*** Entries supplied
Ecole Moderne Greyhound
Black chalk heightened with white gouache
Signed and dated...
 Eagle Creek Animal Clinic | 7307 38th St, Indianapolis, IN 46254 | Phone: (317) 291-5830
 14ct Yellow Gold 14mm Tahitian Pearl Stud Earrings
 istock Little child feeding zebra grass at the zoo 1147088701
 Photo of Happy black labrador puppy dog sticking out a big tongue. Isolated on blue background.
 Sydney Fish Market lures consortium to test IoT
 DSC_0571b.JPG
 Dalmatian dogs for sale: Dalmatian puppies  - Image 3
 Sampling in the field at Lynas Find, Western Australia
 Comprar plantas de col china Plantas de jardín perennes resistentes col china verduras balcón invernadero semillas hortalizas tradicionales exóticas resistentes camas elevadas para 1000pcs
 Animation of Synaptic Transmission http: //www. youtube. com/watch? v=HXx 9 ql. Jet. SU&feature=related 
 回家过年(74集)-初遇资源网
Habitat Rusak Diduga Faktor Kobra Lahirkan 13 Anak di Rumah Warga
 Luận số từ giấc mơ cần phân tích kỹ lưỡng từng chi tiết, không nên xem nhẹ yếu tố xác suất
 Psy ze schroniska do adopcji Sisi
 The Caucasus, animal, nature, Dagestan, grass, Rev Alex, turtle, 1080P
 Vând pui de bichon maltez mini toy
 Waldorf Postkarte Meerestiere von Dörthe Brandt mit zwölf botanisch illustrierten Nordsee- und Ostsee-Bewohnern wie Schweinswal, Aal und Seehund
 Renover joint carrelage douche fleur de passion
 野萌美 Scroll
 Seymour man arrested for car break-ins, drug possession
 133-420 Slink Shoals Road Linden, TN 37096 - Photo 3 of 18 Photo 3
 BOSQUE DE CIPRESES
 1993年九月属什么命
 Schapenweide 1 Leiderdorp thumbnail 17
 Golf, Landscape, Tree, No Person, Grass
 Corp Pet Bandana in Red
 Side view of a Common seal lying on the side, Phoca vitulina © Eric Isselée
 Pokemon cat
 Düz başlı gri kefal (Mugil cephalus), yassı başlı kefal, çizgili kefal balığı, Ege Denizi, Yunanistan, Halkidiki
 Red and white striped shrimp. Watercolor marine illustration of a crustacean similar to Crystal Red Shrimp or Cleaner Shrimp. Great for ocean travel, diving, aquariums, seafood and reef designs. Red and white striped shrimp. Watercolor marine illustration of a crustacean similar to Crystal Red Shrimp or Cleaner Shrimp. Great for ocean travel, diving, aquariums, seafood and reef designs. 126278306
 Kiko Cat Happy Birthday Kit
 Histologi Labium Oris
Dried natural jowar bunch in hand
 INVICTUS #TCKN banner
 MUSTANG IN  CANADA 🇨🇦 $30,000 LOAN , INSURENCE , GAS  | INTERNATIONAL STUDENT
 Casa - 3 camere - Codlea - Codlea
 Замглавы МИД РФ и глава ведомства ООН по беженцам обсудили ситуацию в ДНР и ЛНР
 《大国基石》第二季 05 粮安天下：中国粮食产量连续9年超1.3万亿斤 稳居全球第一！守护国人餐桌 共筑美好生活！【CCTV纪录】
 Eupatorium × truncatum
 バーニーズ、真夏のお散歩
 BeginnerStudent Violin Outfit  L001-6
******
Determine how many lines contain the string "white" in the listing, and state that number by itself.

_Reply_:
2